The Building Envelope - Effects on the Drying Process
Building and material science is an ever-developing field. Our industry understands more about various materials and how to dry those materials than ever before, but there is certainly more for our industry to learn. As a restorer, our understanding of how buildings are put together (residential and commercial) will determine the effectiveness of our moisture inspections, material and assembly identification, and creation of a detailed demo and drying plan. The more understanding about buildings and materials, the more issues we can anticipate (and the more surprises you can limit).
A solid grasp of building and material science separates the “novice” who simply places drying equipment and the “professional” who establishes a drying plan based on project needs and challenges.
The building’s envelope can have a profound impact on the effectiveness of the drying plan. This is more concerning when outside weather conditions are not favorable for drying (high humidity).

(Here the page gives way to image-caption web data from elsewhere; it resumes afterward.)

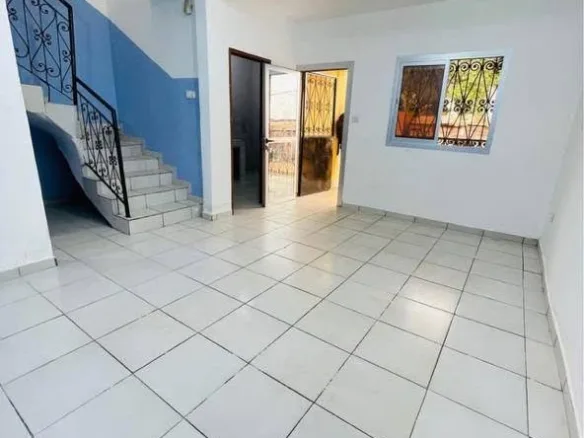 APPARTEMENTS MODERNES EN DUPLEX À ETOUG-EBE YAOUNDÉ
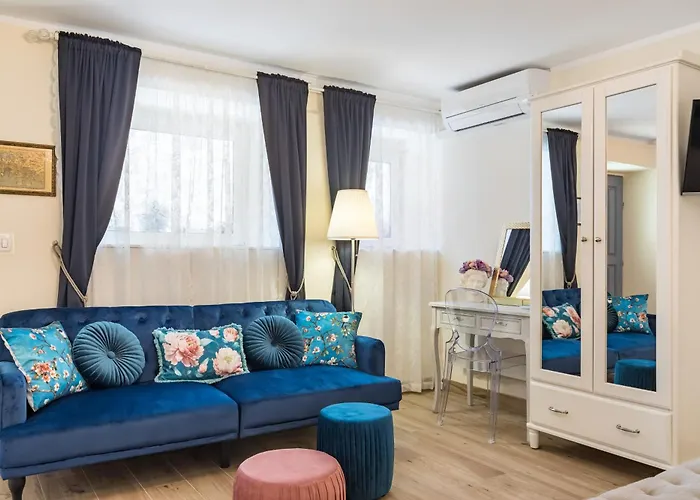 Old Town Cozy In Walk To Diocletians Palace And Beaches Apartman *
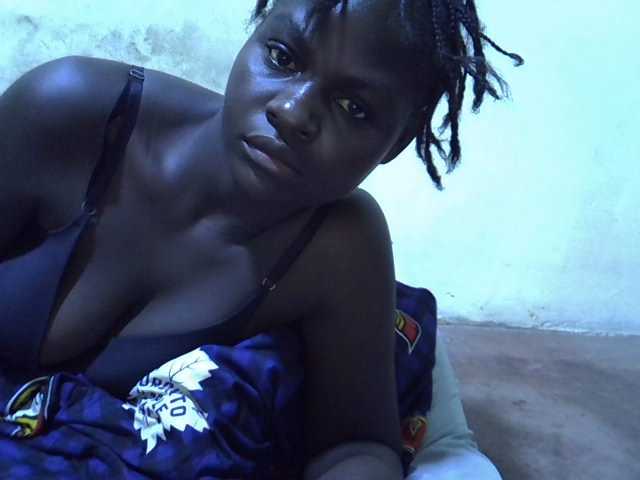 African-qeen1 live cam on BongaCams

The building envelope separates the interior of a building from the outside environment. The building envelope can include roofs, ceilings, exterior walls, doors, windows, finished floors, and foundations. The building envelope has several purposes such as keeping out wind, rain, and ground water, as well as controlling the transfer of energy between the inside and the outside. Some people refer to this energy control as the energy efficiency of the building. Ideally, the building envelope helps maintain a comfortable temperature and humidity for occupants, while providing adequate ventilation inside. When done properly, the building envelope can help avoid problems such as mold, poor indoor air quality, and water intrusion. Because of the potential impact of energy, air, and moisture movement, even small changes to the envelope can have a dramatic effect on the entire structure.
Structures are not airtight, meaning they are going to leak air. The IICRC S500 identifies three types of building envelopes: tight, moderate, and loose. These are based on the envelopes “ability to keep the outside conditions from adversely influencing the drying environment”. The S500 somewhat defines each of these.
Tight envelope – “drying conditions can be controlled without significant influence by the outdoors”.
Moderate envelope – “drying conditions will be influenced somewhat by the outdoors”.
Loose envelope – “drying conditions will be significantly influenced by the outdoors”.
There are several factors that help our project managers determine whether the building envelope is tight, moderate, or loose. This includes how often doors or windows are opened; as well as damage to the envelope such as roof, window, or weather strip damage. Our project managers and SERVPRO of Fenton/South Ballwin must also consider the building construction such as vapor barriers or insulation. Even the age of the structure is an indicator. Older homes (built prior to 1990) typically have a loose envelope due to the lack of focus on energy efficiency when they were constructed.